How do you observe the differences in the water that circulates within the human body? Water is H2O―a molecule that contains one oxygen and two hydrogen atoms―and a water molecule exhibits particular vibrations of the covalent bond between the hydrogen and oxygen atoms in a water molecule. Changes to the pattern of hydrogen-bonding among water molecules generate changes in the vibrations, which we can measure using infrared spectroscopy, which in this case refers to the water-light interaction at different frequencies of the electromagnetic spectrum.
Additionally, this method suddenly opens up access to an entire series of wavelengths along the near-infrared spectrum. And hopefully, if we continue to accumulate this data, we should be able to conduct new analyses on all kinds of information long after measurement.
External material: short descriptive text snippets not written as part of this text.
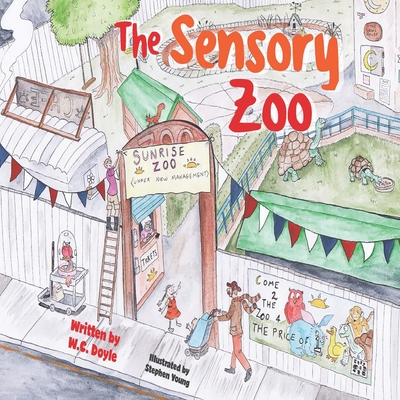 The Sensory Zoo - W. C. Doyle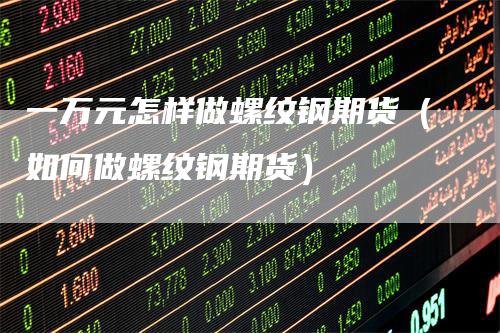 一万元怎样做螺纹钢期货（如何做螺纹钢期货）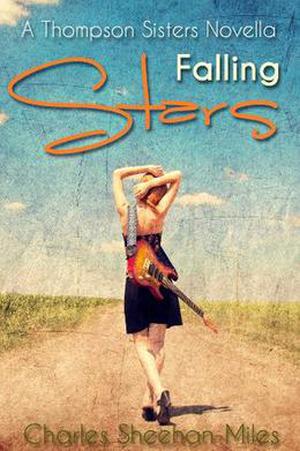 Falling Stars: A Thompson Sisters Novella by Charles Sheehan-Miles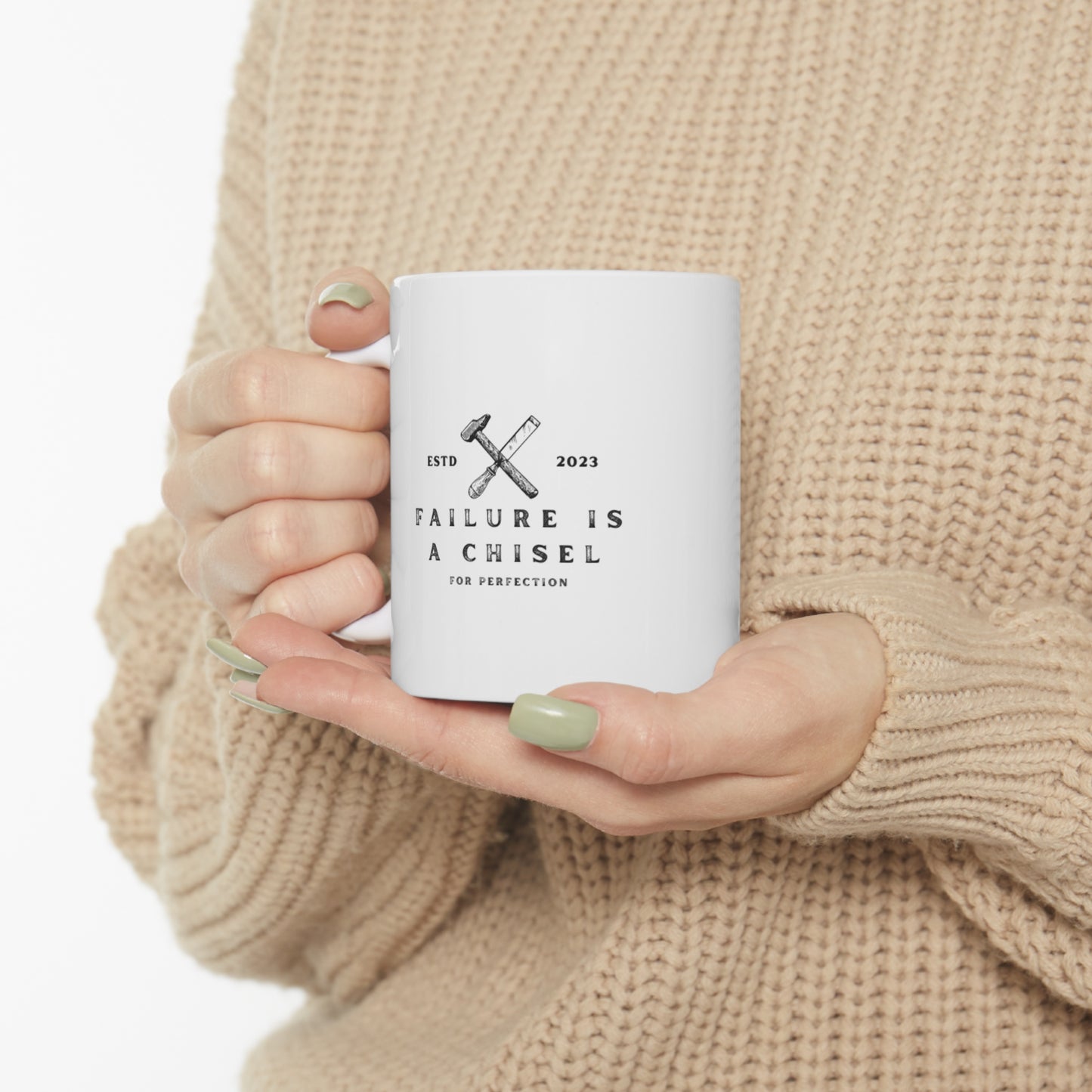 Failure is a Chisel for Perfection Ceramic Mug 11oz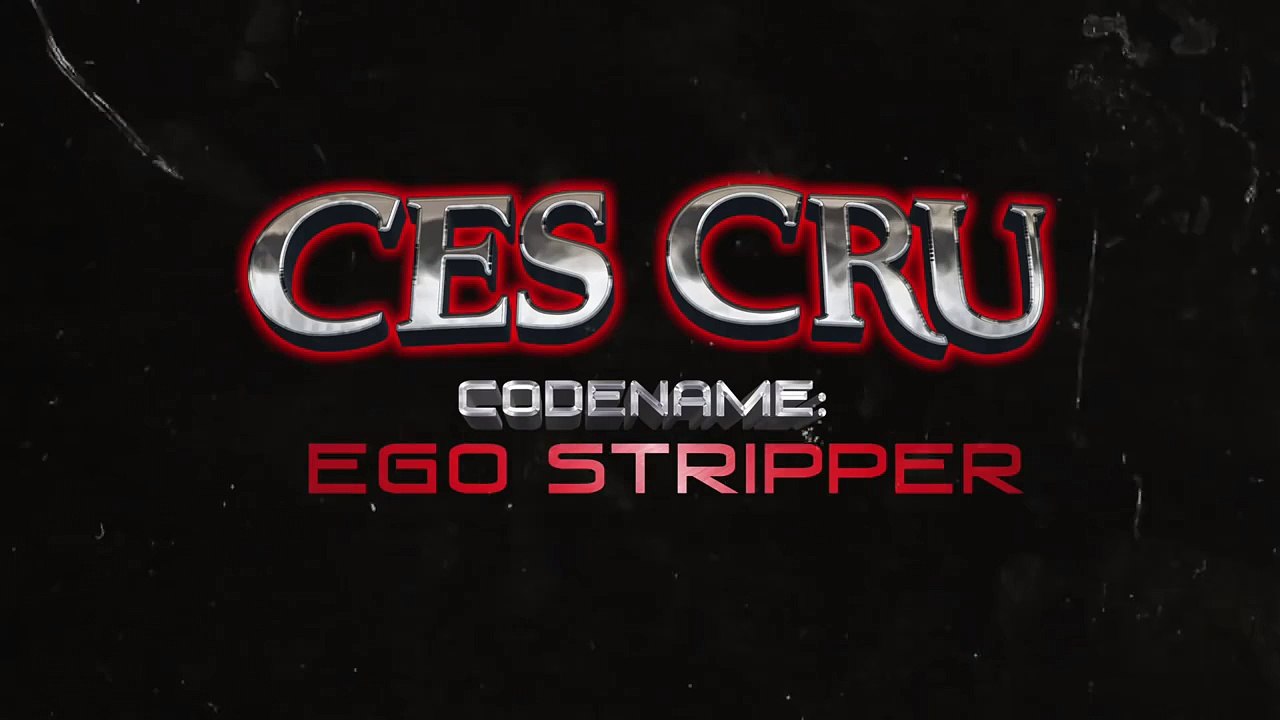 CES Cru | Codename: Ego Stripper - 8.5.2014
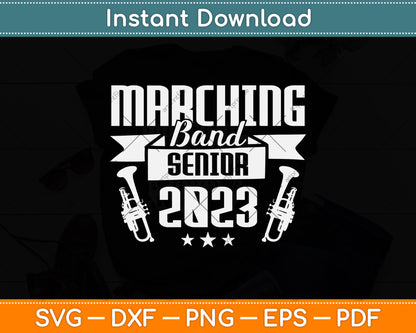 Marching Band Senior 2023 Trumpet Graduate Svg Png Dxf Digital Cutting File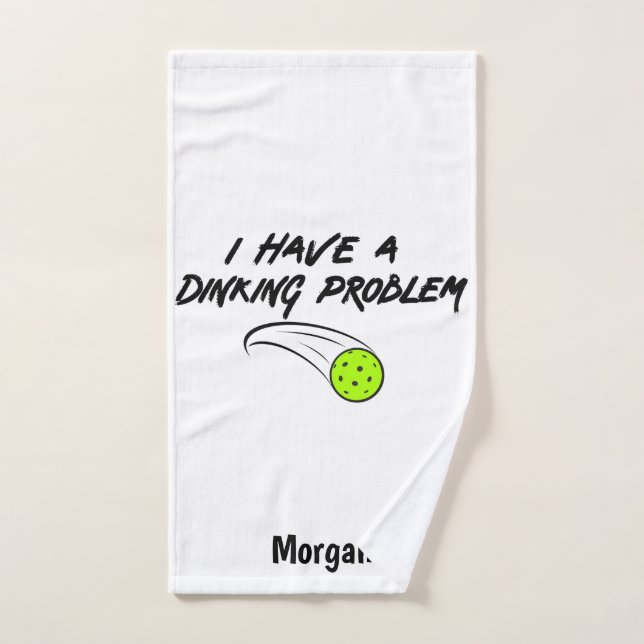 Pickleball Humour | I Have A Dinking Problem Sport Hand Towel (Hand Towel)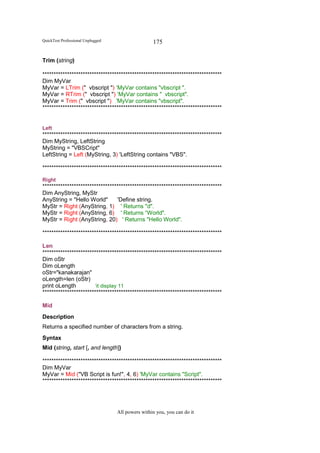 QuickTest Professional Unplugged                   175

Trim (string)

********************************************************************************
Dim MyVar
MyVar = LTrim (" vbscript ") ‘MyVar contains "vbscript ".
MyVar = RTrim (" vbscript ") ‘MyVar contains " vbscript".
MyVar = Trim (" vbscript ") 'MyVar contains "vbscript".
********************************************************************************


Left
********************************************************************************
Dim MyString, LeftString
MyString = "VBSCript"
LeftString = Left (MyString, 3) 'LeftString contains "VBS".

********************************************************************************

Right
********************************************************************************
Dim AnyString, MyStr
AnyString = "Hello World"        'Define string.
MyStr = Right (AnyString, 1) ' Returns "d".
MyStr = Right (AnyString, 6) ' Returns “World".
MyStr = Right (AnyString, 20) ' Returns "Hello World".

********************************************************************************

Len
********************************************************************************
Dim oStr
Dim oLength
oStr="kanakarajan"
oLength=len (oStr)
print oLength          ‘it display 11
********************************************************************************

Mid
Description
Returns a specified number of characters from a string.
Syntax
Mid (string, start [, and length])

********************************************************************************
Dim MyVar
MyVar = Mid ("VB Script is fun!", 4, 6) 'MyVar contains "Script".
********************************************************************************




                                   All powers within you, you can do it
 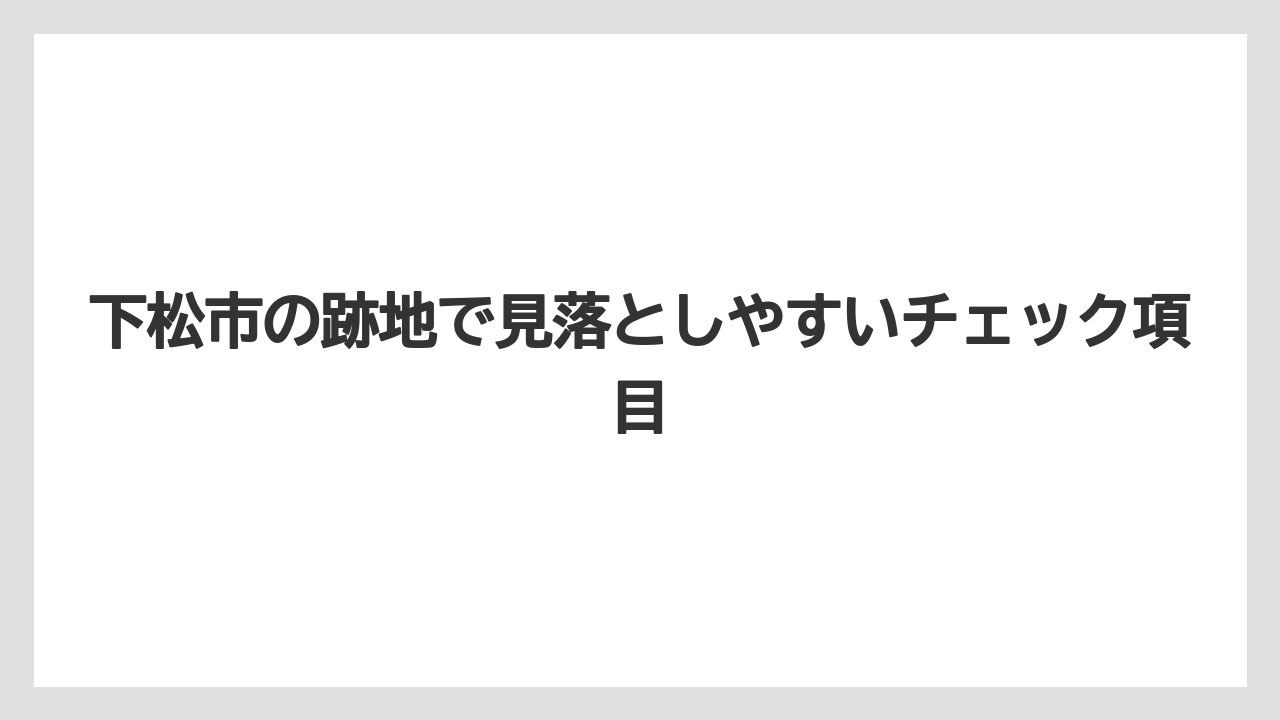 下松市の跡地で見落としやすいチェック項目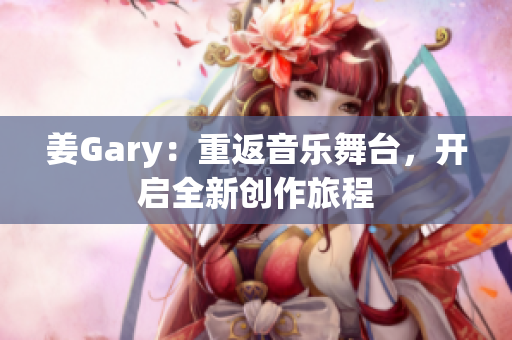 姜Gary：重返音乐舞台，开启全新创作旅程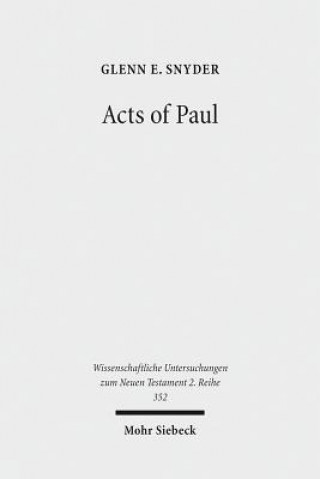 Knjiga Acts of Paul Glenn E. Snyder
“In current MRI examinations, we can diagnose cancers and inflammations from the spin of hydrogen atoms of water inside the body. The MRI detects signals that are emitted from the ‘water’ in cancer lesions. These signals are distinguishable from healthy tissue and demonstrate exactly what we are trying to prove. However, we still do not know whether these discrepancies are the cause or the result of disease. I am currently making progress in research that aims to understand the basic biological features of water by interpreting its behaviors in minute detail.”
Prof. Yasui puts particular emphasis on being able to “see” dynamics of the water within the body.
His team went so far as to join forces with a corporation to make a microscope that could see water. It works by taking a microscopic look at the water as it passes through cells in the body. 3×109 water molecules flow through single aquaporin every second. And 300,000 aquaporins exist in every red blood cell. This indicates that it is vital for water to circulate dynamically throughout the body, but using this microscope Prof. Yasui is able to measure water at its natural speed as it moves through living organisms.
Moreover, recent technological innovations have exponentially shortened the times needed to process and calculate findings, which has allowed researchers to recreate models of the water’s movement using computer graphics.
“When I started my research ten years ago, it could take up to three months to calculate my findings. Now with supercomputers, it only takes three days. We can also now analyze phenomena that take more time. I think that using computer graphics to visually convey our message makes the information much more easily accessible for all types of people,” Prof. Yasui says.